▸ TO DO
First find the line with "Vela de cera" in the entries below, then set down exactly every line through the line with "Imagem de Vela", that line included.

▸ INFORMATION GIVEN
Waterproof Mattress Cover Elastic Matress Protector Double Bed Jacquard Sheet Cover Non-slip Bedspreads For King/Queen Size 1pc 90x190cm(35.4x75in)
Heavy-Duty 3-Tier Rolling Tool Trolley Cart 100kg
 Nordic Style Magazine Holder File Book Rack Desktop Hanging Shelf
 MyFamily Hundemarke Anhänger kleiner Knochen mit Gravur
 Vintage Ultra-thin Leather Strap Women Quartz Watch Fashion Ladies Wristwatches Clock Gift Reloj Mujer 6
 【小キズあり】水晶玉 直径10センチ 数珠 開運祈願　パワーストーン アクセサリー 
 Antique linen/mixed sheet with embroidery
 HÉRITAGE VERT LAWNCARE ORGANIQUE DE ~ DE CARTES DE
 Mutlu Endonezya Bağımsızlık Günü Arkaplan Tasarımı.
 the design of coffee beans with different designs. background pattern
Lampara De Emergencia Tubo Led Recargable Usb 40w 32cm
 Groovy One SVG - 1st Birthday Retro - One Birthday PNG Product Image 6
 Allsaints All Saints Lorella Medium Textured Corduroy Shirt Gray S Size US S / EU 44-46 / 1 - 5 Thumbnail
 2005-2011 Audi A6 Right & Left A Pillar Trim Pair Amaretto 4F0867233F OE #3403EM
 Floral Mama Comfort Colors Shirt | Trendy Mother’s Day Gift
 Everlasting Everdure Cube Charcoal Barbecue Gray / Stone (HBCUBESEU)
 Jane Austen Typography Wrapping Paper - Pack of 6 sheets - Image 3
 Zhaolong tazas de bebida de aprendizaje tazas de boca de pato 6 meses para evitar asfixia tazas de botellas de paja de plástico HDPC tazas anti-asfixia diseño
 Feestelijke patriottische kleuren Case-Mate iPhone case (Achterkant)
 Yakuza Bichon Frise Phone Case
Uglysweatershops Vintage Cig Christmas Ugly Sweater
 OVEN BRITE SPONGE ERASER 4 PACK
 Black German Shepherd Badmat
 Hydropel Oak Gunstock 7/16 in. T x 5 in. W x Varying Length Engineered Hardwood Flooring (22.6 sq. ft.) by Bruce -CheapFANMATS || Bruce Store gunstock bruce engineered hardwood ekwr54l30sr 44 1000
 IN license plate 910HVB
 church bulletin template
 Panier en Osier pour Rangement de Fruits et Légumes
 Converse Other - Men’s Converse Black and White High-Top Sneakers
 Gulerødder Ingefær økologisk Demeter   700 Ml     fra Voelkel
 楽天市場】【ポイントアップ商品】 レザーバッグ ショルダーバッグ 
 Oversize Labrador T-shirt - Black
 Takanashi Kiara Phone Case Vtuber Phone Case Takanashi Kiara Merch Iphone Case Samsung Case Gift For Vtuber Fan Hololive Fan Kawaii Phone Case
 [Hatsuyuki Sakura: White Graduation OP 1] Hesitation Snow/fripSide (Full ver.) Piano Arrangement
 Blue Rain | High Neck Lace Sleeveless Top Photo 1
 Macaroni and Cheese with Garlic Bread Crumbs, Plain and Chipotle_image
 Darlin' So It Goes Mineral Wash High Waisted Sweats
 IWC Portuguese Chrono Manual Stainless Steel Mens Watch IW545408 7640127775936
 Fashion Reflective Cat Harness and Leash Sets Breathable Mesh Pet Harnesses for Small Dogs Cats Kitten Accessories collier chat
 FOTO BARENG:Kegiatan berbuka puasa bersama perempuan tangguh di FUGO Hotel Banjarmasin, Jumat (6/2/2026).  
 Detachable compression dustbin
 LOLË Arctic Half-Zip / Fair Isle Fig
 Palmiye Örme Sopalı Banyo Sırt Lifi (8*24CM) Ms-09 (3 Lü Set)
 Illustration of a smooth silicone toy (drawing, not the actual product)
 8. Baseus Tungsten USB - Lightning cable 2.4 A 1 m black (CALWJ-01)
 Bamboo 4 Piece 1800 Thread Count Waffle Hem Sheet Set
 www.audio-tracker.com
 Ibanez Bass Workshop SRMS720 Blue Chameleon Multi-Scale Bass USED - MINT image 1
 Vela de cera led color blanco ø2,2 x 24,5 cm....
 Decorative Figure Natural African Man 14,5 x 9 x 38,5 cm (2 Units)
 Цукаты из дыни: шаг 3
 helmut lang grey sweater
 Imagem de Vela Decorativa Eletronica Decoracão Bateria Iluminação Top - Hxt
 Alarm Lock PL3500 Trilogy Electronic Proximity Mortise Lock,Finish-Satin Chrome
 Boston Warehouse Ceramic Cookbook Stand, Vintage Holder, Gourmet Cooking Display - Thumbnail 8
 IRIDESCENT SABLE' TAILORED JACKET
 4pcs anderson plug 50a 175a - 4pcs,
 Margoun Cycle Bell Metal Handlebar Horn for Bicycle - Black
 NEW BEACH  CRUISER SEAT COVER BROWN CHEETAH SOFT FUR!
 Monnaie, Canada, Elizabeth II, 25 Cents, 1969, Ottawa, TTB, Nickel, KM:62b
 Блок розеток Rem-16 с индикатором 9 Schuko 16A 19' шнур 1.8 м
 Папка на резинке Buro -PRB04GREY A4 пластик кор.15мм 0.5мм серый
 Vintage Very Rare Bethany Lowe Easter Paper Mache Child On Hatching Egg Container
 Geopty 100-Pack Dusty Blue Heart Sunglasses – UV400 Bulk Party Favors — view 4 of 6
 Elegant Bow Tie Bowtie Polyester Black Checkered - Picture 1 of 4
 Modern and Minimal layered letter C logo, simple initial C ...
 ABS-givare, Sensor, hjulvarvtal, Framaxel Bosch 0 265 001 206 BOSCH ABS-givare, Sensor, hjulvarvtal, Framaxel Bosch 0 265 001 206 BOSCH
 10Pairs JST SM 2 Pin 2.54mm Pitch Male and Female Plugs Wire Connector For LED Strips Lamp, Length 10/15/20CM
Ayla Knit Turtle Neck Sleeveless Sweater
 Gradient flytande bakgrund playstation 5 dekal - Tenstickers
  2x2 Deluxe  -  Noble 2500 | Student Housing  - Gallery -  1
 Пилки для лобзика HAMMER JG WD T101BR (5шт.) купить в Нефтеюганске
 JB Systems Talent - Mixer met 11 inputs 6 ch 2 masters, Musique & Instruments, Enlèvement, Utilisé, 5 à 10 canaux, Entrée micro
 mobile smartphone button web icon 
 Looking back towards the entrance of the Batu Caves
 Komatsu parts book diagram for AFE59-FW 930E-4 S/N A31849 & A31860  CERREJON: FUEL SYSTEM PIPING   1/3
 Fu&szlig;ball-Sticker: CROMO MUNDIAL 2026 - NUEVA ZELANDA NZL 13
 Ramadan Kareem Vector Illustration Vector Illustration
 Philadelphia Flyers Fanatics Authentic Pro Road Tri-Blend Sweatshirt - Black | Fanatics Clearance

▸ RESPONSE TO THIS EXERCISE
 Vela de cera led color blanco ø2,2 x 24,5 cm....
 Decorative Figure Natural African Man 14,5 x 9 x 38,5 cm (2 Units)
 Цукаты из дыни: шаг 3
 helmut lang grey sweater
 Imagem de Vela Decorativa Eletronica Decoracão Bateria Iluminação Top - Hxt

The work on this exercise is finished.